Keberadaan komunitas feminisme diisu-kan semakin terancam mengetahui Pilpres Korea Selatan Maret 2022 lalu, dimenangkan oleh Yoon Suk-Yeol seorang politisi yang terkenal dengan gerakan anti-feminisme-nya. Banyak masyarakat mengatakan bahwa Yoon memenangkan pemilihan dengan cara menarik perhatian laki-laki yang cemas akan kehilangan “tempat” kepada perempuan. Salah satu kampanye Yoon yaitu menyerukan bahwa Kementrian Kesetaraan Gender dan Keluarga Korea Selatan (MOGEF) dihapuskan. Dia menyalahkan rendahnya angka kelahiran di negara disebabkan karena feminisme yang mencegah hubungan antara pria dan wanita.
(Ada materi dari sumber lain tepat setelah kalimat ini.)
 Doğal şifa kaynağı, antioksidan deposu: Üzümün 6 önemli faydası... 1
- Feminist Konstruktivisme
Mungkin kalian bertanya-tanya, bagaimana teori feminis konstruktivisme dapat berkaitan dengan eksistensi feminisme di Korea Selatan? Dengan adanya pemimpin negara baru yang bertentangan dengan ajaran komunitas, keberadaan komunitas feminisme telah mengubah tatanan atau kebijakan negara melalui identitas. Kebijakan yang direncanakan oleh Yoon Suk-Yeol yang sudah disampaikan diatas menjadi bentuk keyakinan bahwa gender adalah sistem praktik sosial yang mengelompokan laki-laki dan perempuan berbeda secara sosial. Korea Selatan sebagai tempat yang sangat didominasi laki-laki telah lama memiliki catatatan buruk tentang hak perempuan. Keberadaan feminis di Korea Selatan ini mengungkapkan kondisi politik dalam setiap aspek, sebagai contoh yaitu kampanye Yoon Suk-Yeol terkait kebijakannya yang berusaha menarik perhatian laki-laki khusunya berumur dibawah 30-an.
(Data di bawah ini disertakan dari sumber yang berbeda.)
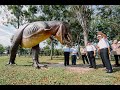 Taman batuan geologi terbesar malaysia di universiti teknologi petronas utp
Kritik utama dalam kehadiran feminis di aspek penting Korea Selatan seperti ekonomi, politik, sosial-budaya belum mendapat banyak perhatian media, karena lebih banyak perhatian yang diberikan terhadap argumen dibelakang feminisme, dalam kasus ini adalah pengangguran. Padahal, komunitas teresbut hanya menginginkan pembentukan norma domestik yang memberi perhatian terhadap eksistensi perempuan. Hal terebut membuktikan teori konstruktivisme, bahwa pada dasarnya dunia sosial bukanlah sesuatu yang diberikan, namun diperjuangkan guna mencapai identitas dan kepentingan aktor tersebut.
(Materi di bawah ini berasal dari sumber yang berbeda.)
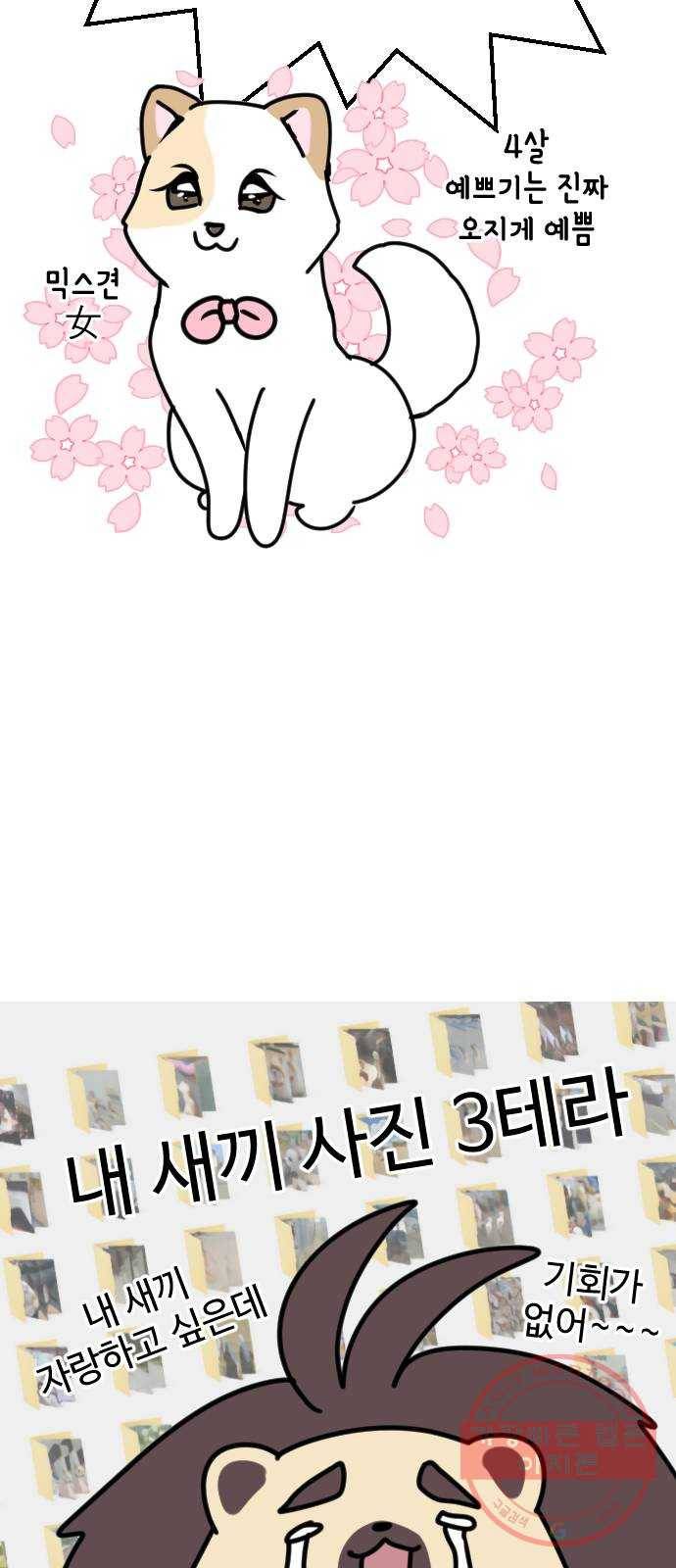 개를 낳았다 특별편 - 내 새끼 자랑쑈 5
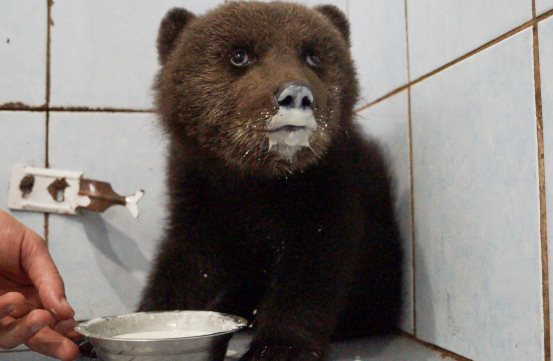В Ленинградской области спасают раненого маленького медвежонка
- Upaya Komunitas Feminis Korea Selatan Mempertahakan Eksistensi
Para feminis Korea Selatan telah memperjuangkan eksistensi mereka dalam mendukung dan membela hak-hak perempuan agar memiliki kesetaraan dalam berekspresi dengan laki-laki. Permasalahan seperti ketimpangan pendapatan, keterbatasan lapangan kerja, dan-lain-lain telah menjadi perhatian utama sejak awal tahun 2000-an. Keberadaan Kementrian Kesetaraan Gnder dan Keluarga (MOGEF) telah banyak membantu dalam memperkecil kesenjangan antar gender. Dalam pemerintahan Moon Jae-In sebelumnya, ia telah berhasil dalam memberi anggaran dan kepercayaan kepada kementrian tersebut guna memajukan undang-undang kesetaraan gender dan undang-undang tentang kekerasan terhadap perempuan.
Eksistensi para feminis dianggap sulit dipertahankan saat Yook Suk-Yeol memenangkan pilihan presiden 2022. Padahal, mereka menginginkan adanya representasi perempuan dalam pemilihan presiden kemarin. Keberadaan perempuan di Korea Selatan dibantu melalui organiasasi Korean Women Association (KWAU) dalam memperjuangkan kesetaraan gender. Upaya yang dilakukan organisasi tersebut mencakup keterlibatan lansung di pemerintahan, melakukan lobby politik, terlibat dalam perncangan undang-undang, hingga mengajukan dan mengawasi kebijakan. KWAU banyak melakukanpendekatan dengan masyarakat melalui penyedian ruang publik dalam menyuarakan aspirasi, menyelenggarakan event yang melibatkan aktivis perempuan.